You are viewing a plain text version of this content. The canonical link for it is here.
Posted to users@daffodil.apache.org by Roger L Costello <co...@mitre.org> on 2021/07/12 18:05:46 UTC

How to specify data with two fields, no delimiter, variable length?

Hi Folks,

I have a data field composed to two items. 

The values for the first item can be enumerated:

	A
	ABC
	AB
	AC

The values for the second item is any integer 0-999

So, here is a same data field:

	A250

How do I parse that using DFDL? I reckon I'm stuck.

/Roger

Re: How to specify data with two fields, no delimiter, variable length?

Posted by Steve Lawrence <sl...@apache.org>.
In cases like these, you need to use dfdl:lengthKind="pattern" and a
regular expression to define the length of the first item.

There's lots of different regexs depending on what kinds of infosets you
want to allow.

For example, one approach for the first item is a very strict regex that
matches exactly one of the four values, e.g.

  <xs:element name="item" type="xs:string"
    dfdl:lengthKind="pattern" dfdl:lengthPattern="ABC|AB|AC|A" />

With this approach, the item will get a non-zero length if it is one of
those items. Otherwise the item will be the empty string. And if you
don't want empty string to be allowed, you need to add an assert that
the length is greater than zero. Also, note that order in the regex
matters so it matches the longest possibility first.

On the other end of the spectrum, you could instead model the first item
to match as many non-digits as possible:

  <xs:element name="item" type="xs:string"
    dfdl:lengthKind="pattern" dfdl:lengthPattern="[^0-9]*" />

This will match any of the four allowed values, but will also match
anything else up to the first digit. So this could potentially produce
infosets with an item value of XYZ, for example. In some cases, you
might actually want this--we might consider the data to be "well-formed"
but not "valid". So you still get an infoset, it's just not "valid".
Whereas in the first case, you could only get a valid infoset.

You'll probably also need to use regex length for matching the numeric
item if there's no delimiter after the number.

So putting it together, and using the second approach for both items,
you might do something like this:

  <xs:sequence>
    <xs:element name="item1 type="xs:string"
      dfdl:lengthKind="pattern" dfdl:lengthPattern="[^0-9]*" />
    <xs:element name="item2" type="xs:int"
      dfdl:lengthKind="pattern" dfdl:lengthPattern="[0-9]*" />
  </xs:sequence>

So the first item is string parsing as many non-digits as possible, and
the second is an int parsing as many digits as possible. Note that this
approach probably should have limits on the regex length in case the
data is bad/malformed. For example, if the data didn't contain numbers
then item1 would just consume the entire data.
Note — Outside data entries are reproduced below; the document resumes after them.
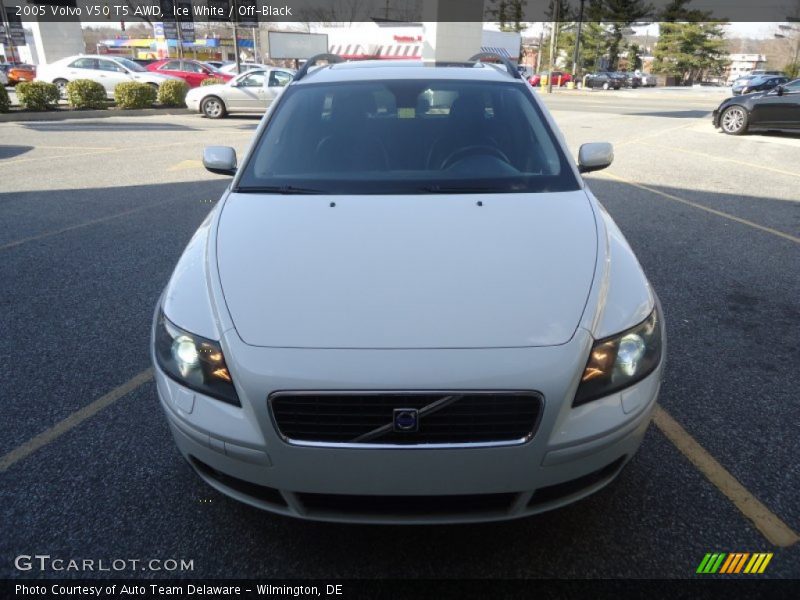Ice White / Off-Black 2005 Volvo V50 T5 AWD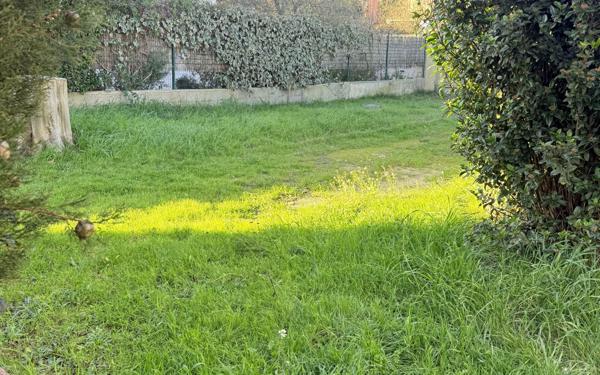 Maison à vendre    2 pièces •  Marseille 11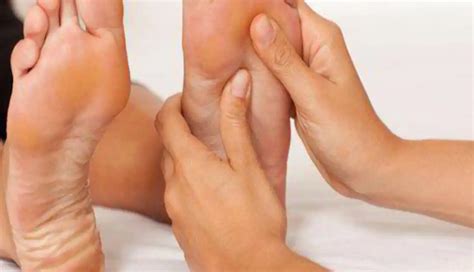 Effective Home Remedies To Treat Nausea in Children - lifeberrys.com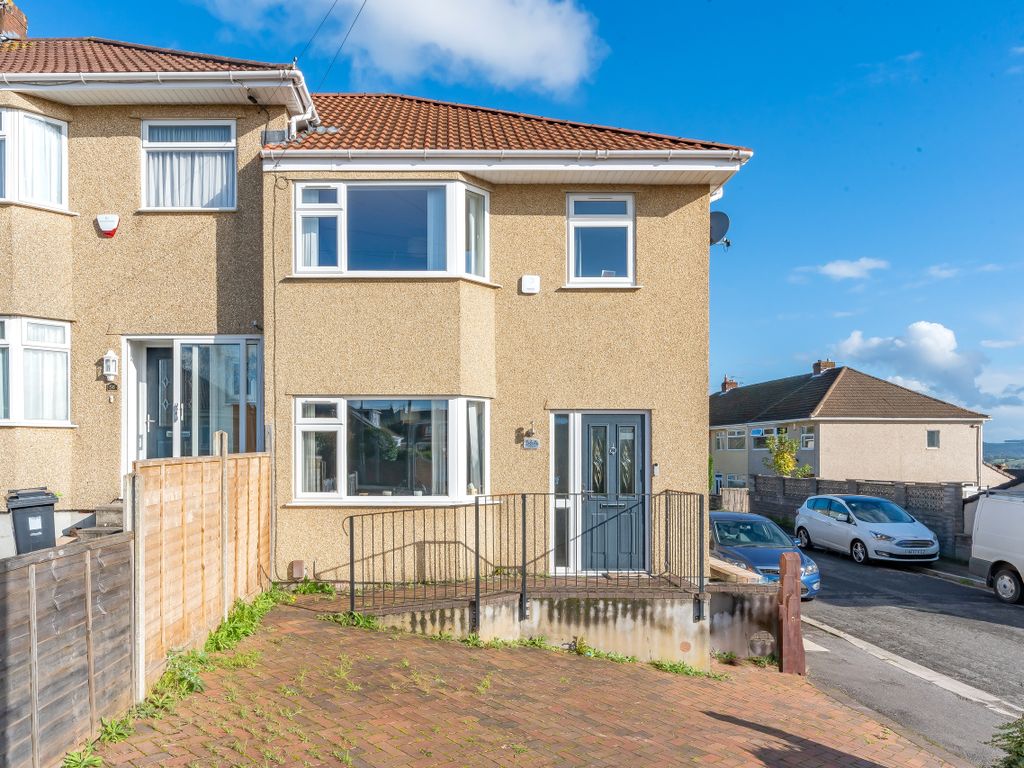 3 bed end terrace house for sale in Spring Hill, Kingswood, Bristol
So instead of *, you
might instead want to use something like "{0,10}" for both regexes.

- Steve

On 7/12/21 2:05 PM, Roger L Costello wrote:
> Hi Folks,
> 
> I have a data field composed to two items. 
> 
> The values for the first item can be enumerated:
> 
> 	A
> 	ABC
> 	AB
> 	AC
> 
> The values for the second item is any integer 0-999
> 
> So, here is a same data field:
> 
> 	A250
> 
> How do I parse that using DFDL? I reckon I'm stuck.
> 
> /Roger
>